(Web page caption snippets)
────────────────────

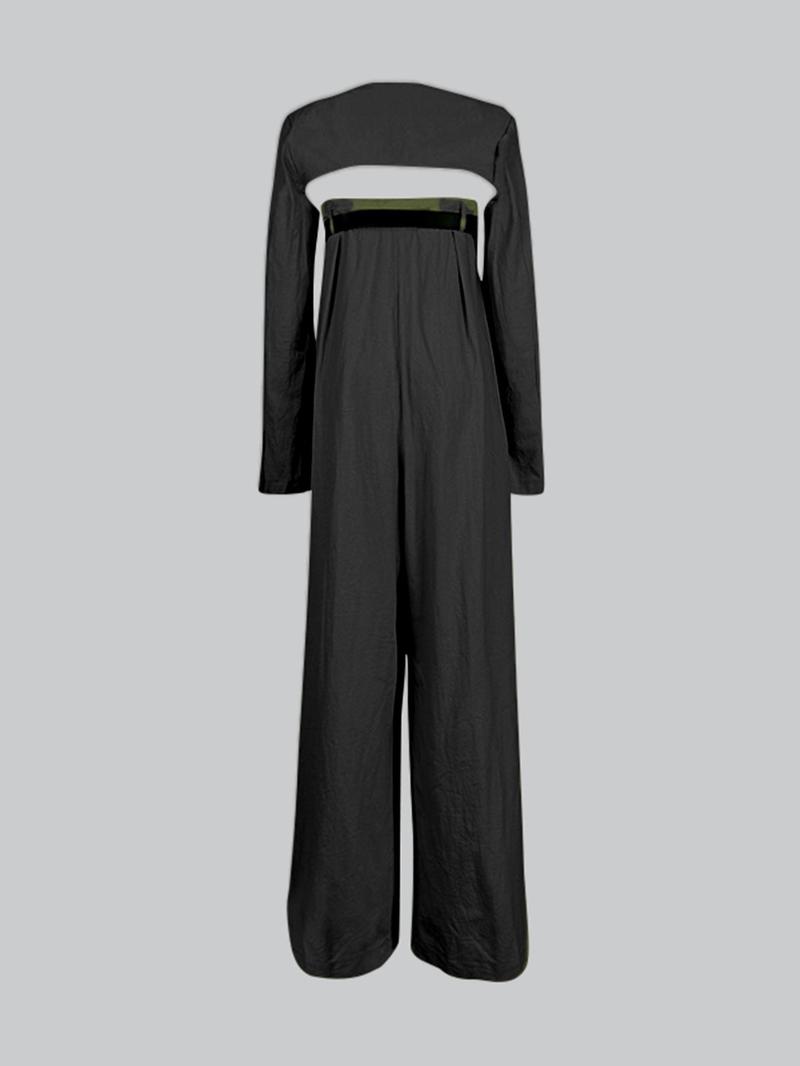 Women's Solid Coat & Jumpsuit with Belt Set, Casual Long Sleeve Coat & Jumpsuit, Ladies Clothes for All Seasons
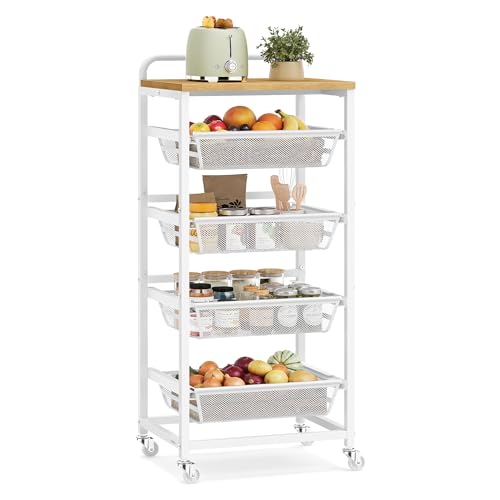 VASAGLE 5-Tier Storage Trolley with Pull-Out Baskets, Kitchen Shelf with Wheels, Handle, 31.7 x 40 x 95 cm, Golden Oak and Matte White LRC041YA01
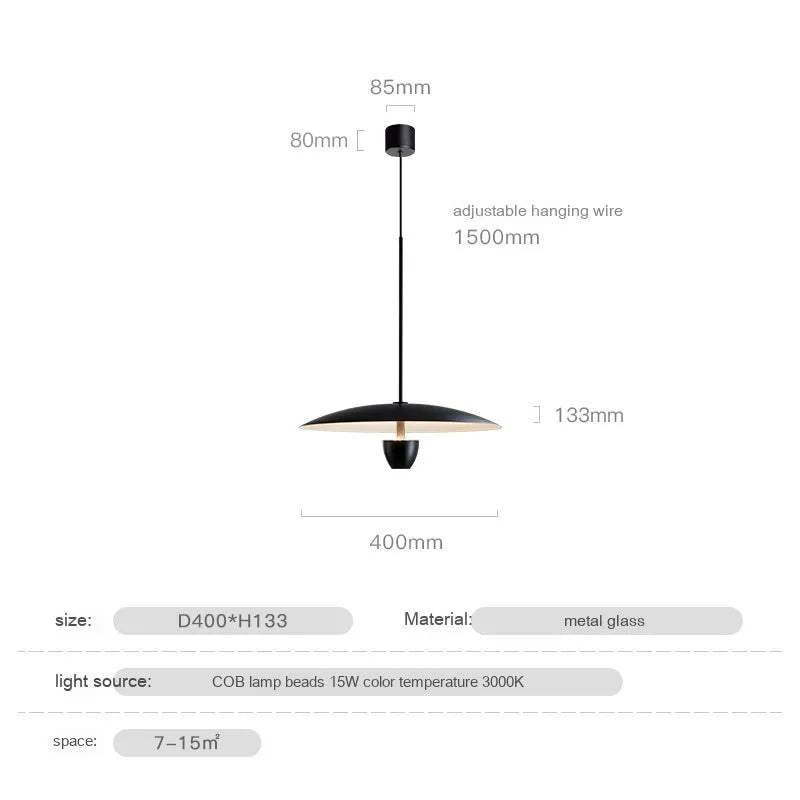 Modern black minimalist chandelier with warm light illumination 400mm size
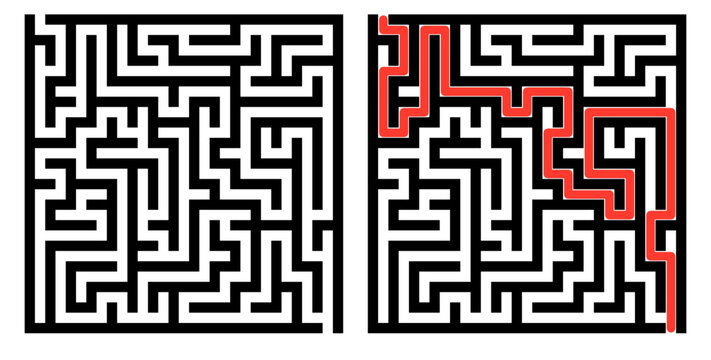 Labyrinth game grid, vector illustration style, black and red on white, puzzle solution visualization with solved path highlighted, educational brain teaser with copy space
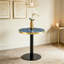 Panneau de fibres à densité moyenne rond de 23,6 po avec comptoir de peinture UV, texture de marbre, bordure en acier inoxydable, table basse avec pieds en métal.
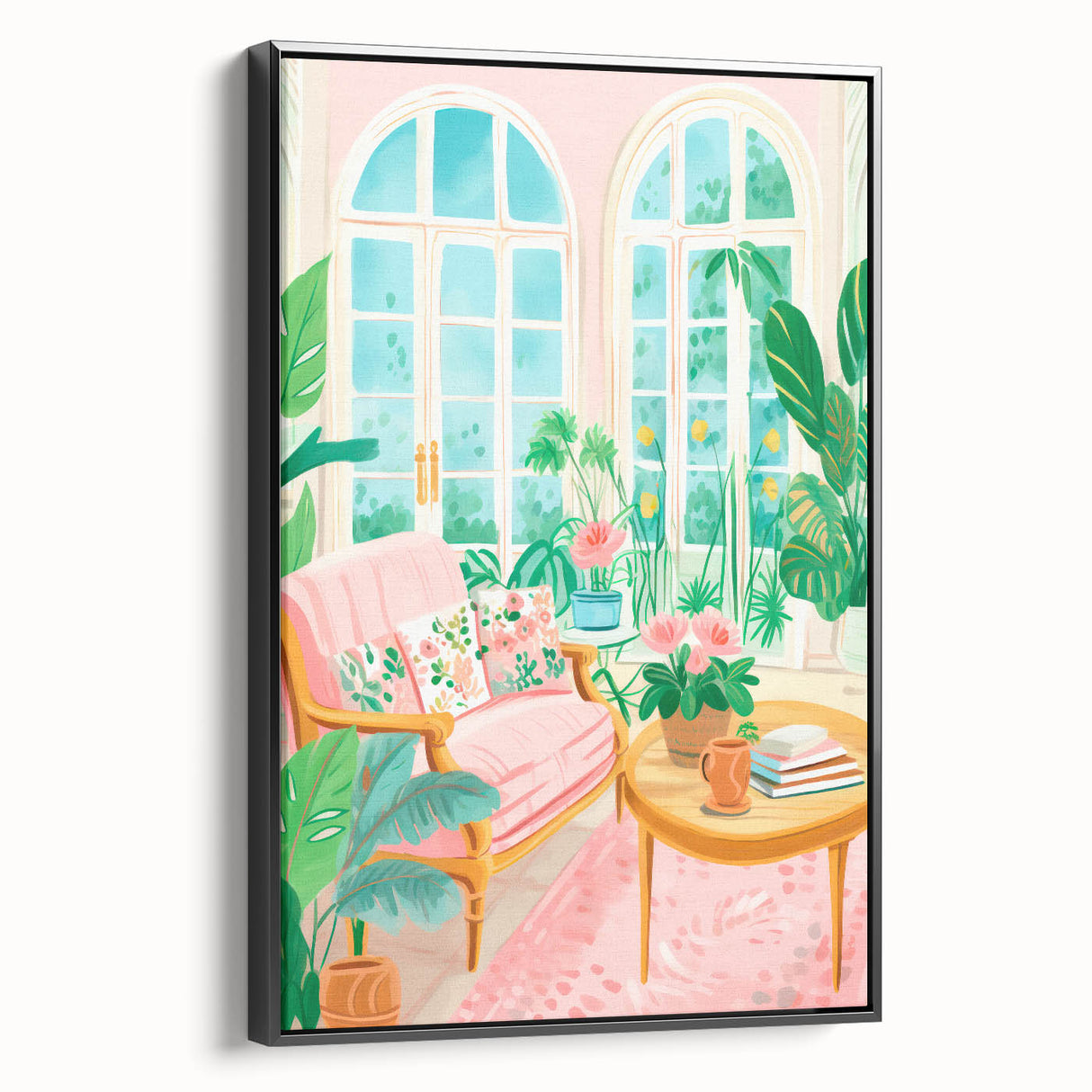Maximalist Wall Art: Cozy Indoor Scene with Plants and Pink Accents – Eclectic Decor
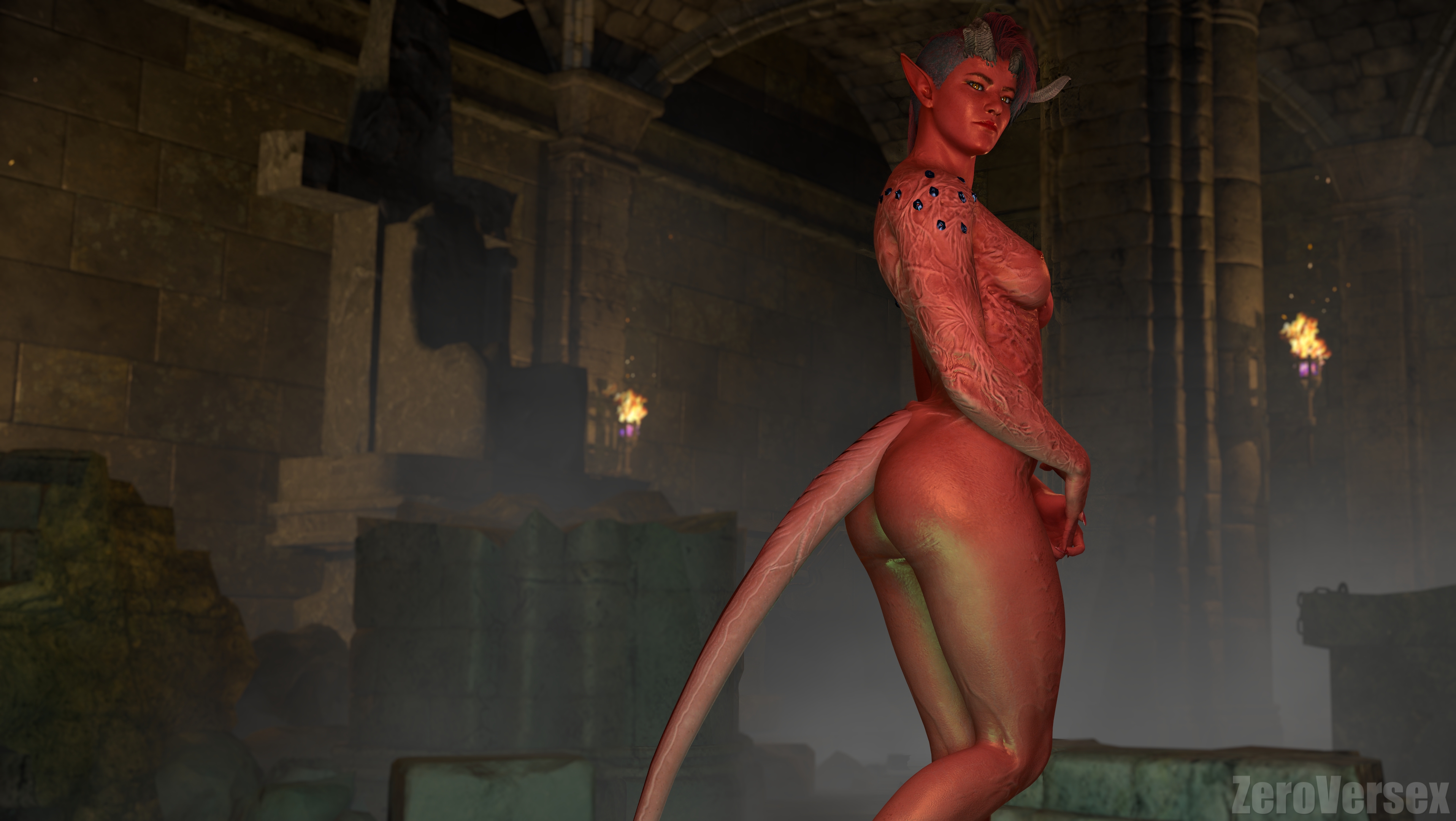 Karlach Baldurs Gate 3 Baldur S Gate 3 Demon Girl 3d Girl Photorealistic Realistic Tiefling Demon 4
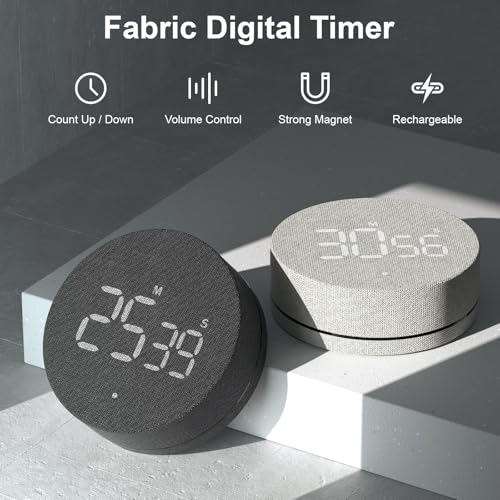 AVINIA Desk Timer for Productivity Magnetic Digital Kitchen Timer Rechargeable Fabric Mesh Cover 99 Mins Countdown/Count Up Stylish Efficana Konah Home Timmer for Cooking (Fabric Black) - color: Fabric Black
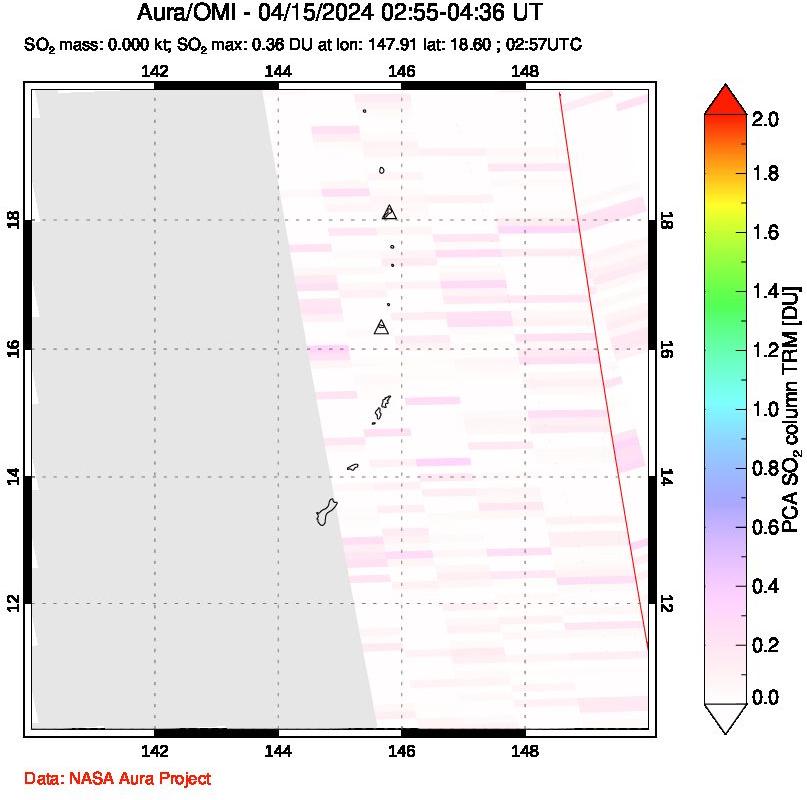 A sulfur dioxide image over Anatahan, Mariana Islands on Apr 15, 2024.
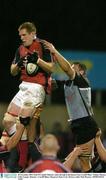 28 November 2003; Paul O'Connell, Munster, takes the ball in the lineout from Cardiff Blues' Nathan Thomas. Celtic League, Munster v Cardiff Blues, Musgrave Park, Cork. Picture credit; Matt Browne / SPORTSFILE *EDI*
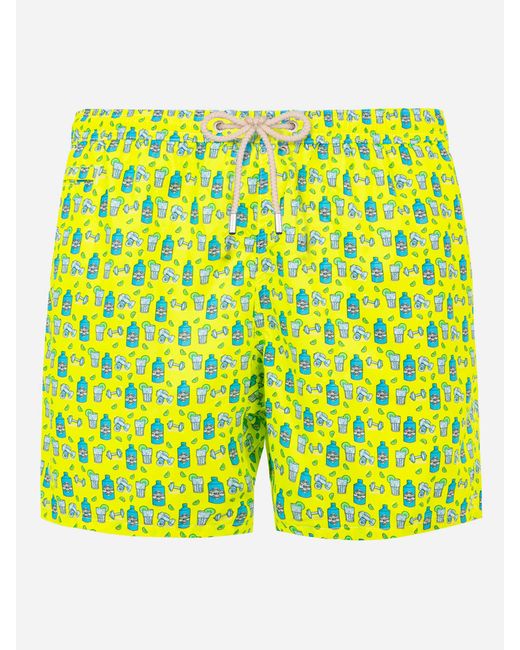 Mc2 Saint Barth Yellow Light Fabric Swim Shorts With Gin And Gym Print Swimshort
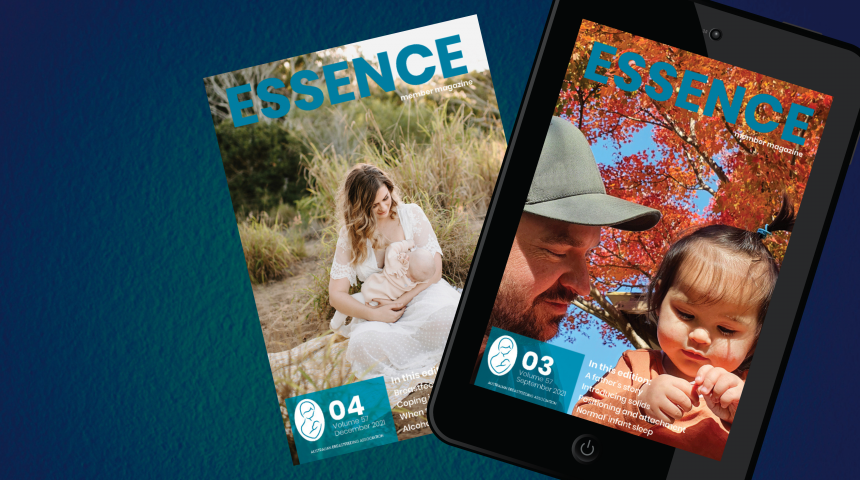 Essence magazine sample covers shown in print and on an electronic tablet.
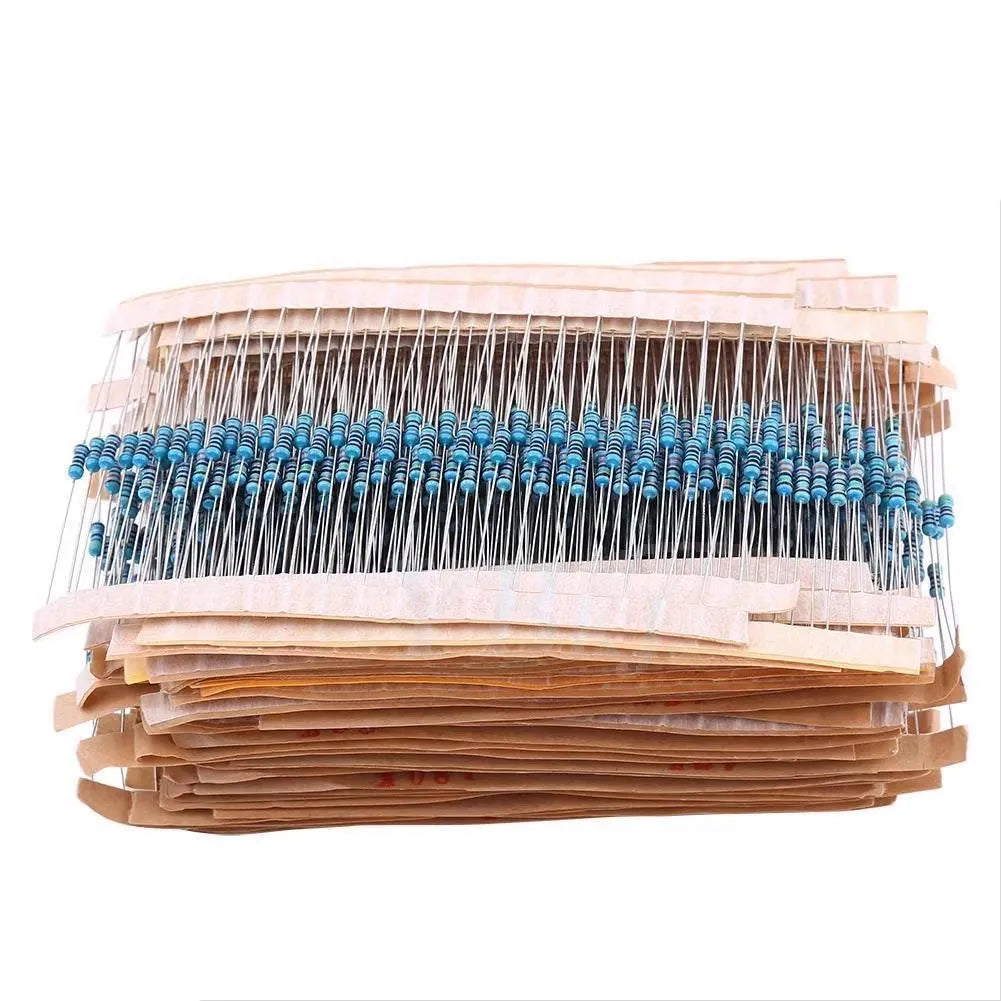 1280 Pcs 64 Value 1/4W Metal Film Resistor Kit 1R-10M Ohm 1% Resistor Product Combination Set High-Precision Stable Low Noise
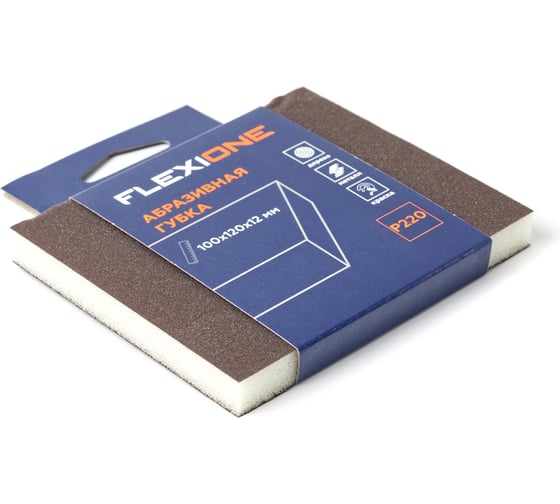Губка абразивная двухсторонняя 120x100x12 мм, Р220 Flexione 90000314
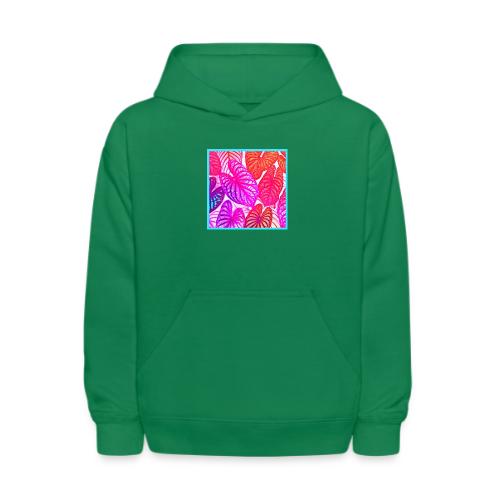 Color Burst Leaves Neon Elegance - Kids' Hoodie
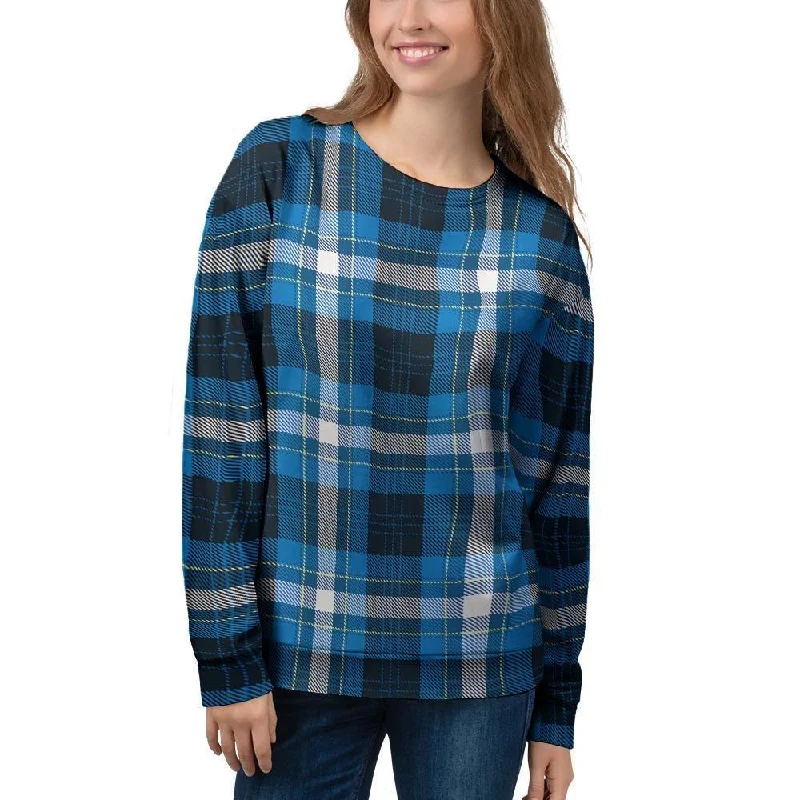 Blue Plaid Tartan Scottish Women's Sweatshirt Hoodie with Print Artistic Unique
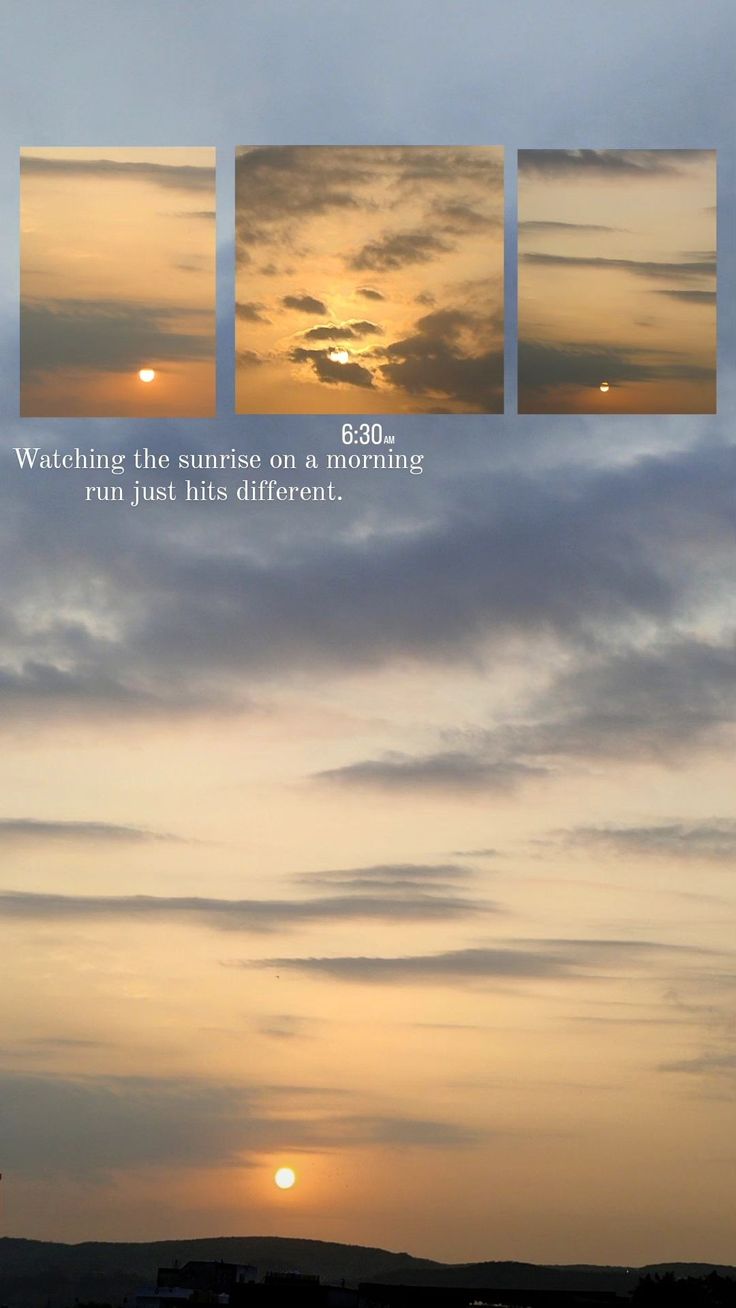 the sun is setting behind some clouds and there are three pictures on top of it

────────────────────

# Directions
Please reproduce, word for word, only the lines from the line that holds "Губка абразивная двухсторонняя" through the final line of the entries above, omitting any pictures.

# Answer below
Губка абразивная двухсторонняя 120x100x12 мм, Р220 Flexione 90000314
 Color Burst Leaves Neon Elegance - Kids' Hoodie
 Blue Plaid Tartan Scottish Women's Sweatshirt Hoodie with Print Artistic Unique
 the sun is setting behind some clouds and there are three pictures on top of it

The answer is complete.